Is it one of-) (the mathematics and-) - No it's finished. I mean that's another thing really; you can build upon it in the following sense, you can study particular configurations, you can find the alternative rules that still have the same properties and so on - but nothing I think that followed on, it was just as interesting as the basic fact that this set of rules did exist fairly simple and have these astonishing properties which weren't astonishing to me. Some configurations just died off, after a time there's nothing left on the board.
Some configurations seem to go on forever. Can you tell which of those is going to happen? Well not really.
If you if you put put a configuration on the board and follow it and follow it and follow it, and after a thousand moves it hasn't died off, oh well maybe it's going to die off next move. There's no way of telling, no algorithmic way of telling whether a thing is definitely going to die off. Following it you see doesn't tell you.
If you follow it for a thousand moves and it hasn't died off yet well maybe it'll die off in a million moves or a billion moves or a gazillion moves - whatever that is. And we do know - and this is not due to me its a theorem of mathematical logic dating from the 1930s - the Halting Problem, there's no way of absolutely guaranteeing to tell whether a thing will go on forever or fade away completely, that's one of the astonishing properties. You would think that if a thing is governed by very simple rules there would be a very simple way of telling whether this very simple thing is a consequence of those very simple rules, but there isn't a way of telling.
(Has the inventor of game of life or) (people who've studied a deeply have a) (deeper understanding? Like can you look) (at a configuration and see something or does it still baffle you too? ) Well I might be able to sort of recognise some little portion of it and say, well that's not going to have any effect we can proceed as if that's not there because it's going to die in 23 moves anyway.
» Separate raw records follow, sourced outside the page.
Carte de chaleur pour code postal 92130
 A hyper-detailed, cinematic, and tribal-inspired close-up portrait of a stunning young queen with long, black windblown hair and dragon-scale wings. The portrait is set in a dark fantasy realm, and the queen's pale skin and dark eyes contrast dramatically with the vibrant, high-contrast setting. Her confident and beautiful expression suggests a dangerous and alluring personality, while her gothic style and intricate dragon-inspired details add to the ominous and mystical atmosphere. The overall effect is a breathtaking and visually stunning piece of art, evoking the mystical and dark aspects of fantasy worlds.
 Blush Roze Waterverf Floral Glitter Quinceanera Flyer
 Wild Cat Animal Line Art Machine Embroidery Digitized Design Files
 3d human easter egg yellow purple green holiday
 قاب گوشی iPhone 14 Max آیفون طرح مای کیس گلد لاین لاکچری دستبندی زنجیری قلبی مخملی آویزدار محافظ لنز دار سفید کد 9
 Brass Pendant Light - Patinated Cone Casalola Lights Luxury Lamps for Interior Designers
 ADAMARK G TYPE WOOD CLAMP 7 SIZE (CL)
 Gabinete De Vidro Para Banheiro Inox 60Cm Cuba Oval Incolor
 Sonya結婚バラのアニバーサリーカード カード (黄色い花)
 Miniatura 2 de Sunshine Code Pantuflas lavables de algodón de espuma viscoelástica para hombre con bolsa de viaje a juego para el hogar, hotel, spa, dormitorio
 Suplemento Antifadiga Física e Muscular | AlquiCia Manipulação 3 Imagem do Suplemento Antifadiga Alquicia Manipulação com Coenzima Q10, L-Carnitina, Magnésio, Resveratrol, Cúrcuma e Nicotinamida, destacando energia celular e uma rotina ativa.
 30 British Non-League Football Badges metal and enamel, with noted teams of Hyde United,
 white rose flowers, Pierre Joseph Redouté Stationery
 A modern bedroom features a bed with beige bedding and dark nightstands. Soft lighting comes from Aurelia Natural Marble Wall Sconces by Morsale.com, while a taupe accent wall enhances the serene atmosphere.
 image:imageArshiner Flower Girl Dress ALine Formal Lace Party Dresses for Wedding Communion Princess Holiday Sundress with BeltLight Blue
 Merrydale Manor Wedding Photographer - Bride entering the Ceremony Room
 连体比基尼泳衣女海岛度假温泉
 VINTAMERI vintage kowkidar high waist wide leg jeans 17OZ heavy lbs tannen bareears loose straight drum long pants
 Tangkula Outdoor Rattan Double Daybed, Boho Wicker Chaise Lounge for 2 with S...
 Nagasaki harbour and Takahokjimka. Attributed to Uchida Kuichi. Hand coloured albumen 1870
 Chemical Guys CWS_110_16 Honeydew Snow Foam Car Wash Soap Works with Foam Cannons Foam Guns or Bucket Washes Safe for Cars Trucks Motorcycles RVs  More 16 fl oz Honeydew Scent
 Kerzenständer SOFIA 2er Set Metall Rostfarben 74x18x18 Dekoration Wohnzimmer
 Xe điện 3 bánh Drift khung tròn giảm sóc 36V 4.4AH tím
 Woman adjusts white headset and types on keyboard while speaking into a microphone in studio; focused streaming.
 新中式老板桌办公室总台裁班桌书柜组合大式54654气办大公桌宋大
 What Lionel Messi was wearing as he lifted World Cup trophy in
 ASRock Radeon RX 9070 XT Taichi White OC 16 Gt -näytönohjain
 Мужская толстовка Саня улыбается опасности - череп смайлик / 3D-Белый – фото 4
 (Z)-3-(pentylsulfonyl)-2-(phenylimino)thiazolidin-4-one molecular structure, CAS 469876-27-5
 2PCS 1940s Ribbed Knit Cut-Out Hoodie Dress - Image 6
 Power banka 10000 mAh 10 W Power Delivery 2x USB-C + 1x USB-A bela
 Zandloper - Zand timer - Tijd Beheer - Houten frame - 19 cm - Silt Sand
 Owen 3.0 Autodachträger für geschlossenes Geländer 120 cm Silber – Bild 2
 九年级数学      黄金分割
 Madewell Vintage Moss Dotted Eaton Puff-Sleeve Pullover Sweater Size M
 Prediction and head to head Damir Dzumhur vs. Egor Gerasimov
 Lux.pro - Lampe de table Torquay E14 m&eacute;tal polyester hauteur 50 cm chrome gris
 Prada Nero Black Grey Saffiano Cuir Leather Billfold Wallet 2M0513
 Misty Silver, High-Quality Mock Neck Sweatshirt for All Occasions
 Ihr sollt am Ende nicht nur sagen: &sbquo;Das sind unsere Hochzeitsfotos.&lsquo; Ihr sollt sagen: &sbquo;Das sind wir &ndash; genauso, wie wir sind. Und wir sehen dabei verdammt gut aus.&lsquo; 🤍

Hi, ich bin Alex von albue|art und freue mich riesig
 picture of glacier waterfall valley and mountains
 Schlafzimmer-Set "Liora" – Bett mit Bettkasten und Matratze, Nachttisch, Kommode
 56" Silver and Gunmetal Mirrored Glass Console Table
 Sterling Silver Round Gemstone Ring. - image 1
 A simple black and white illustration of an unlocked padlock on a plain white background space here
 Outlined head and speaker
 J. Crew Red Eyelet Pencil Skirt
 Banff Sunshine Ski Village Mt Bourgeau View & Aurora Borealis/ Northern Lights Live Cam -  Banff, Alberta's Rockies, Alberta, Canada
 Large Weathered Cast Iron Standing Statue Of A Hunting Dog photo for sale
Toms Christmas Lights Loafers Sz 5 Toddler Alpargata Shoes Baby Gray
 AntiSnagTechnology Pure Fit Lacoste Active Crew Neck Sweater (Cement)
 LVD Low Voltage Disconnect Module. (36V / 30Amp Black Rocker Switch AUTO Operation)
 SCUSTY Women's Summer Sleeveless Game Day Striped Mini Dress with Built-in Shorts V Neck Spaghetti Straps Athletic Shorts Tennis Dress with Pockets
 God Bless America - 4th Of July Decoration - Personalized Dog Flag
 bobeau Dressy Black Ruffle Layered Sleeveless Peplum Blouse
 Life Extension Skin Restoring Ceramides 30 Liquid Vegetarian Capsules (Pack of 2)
But no in general no you can't. I mean this condition, you know, you cannot tell is not a question of not being able to tell because you haven't got a big enough brain or something; it is an absolute condition you know doesn't matter how clever you are, there's no guaranteed way of telling. Okay, I don't hate it.
- (But you don't love it? ) No I don't love it, I really don't. Yes it made me happy, it's the only one of those different things.
I, you know, I sit in a corridor in the mathematics department in Princeton and I think about things and I imagine that the young graduate students there think, you know, this guy's a loony, he did something good once and I don't care, I really don't care. I've been released from worrying about what other people think about about me.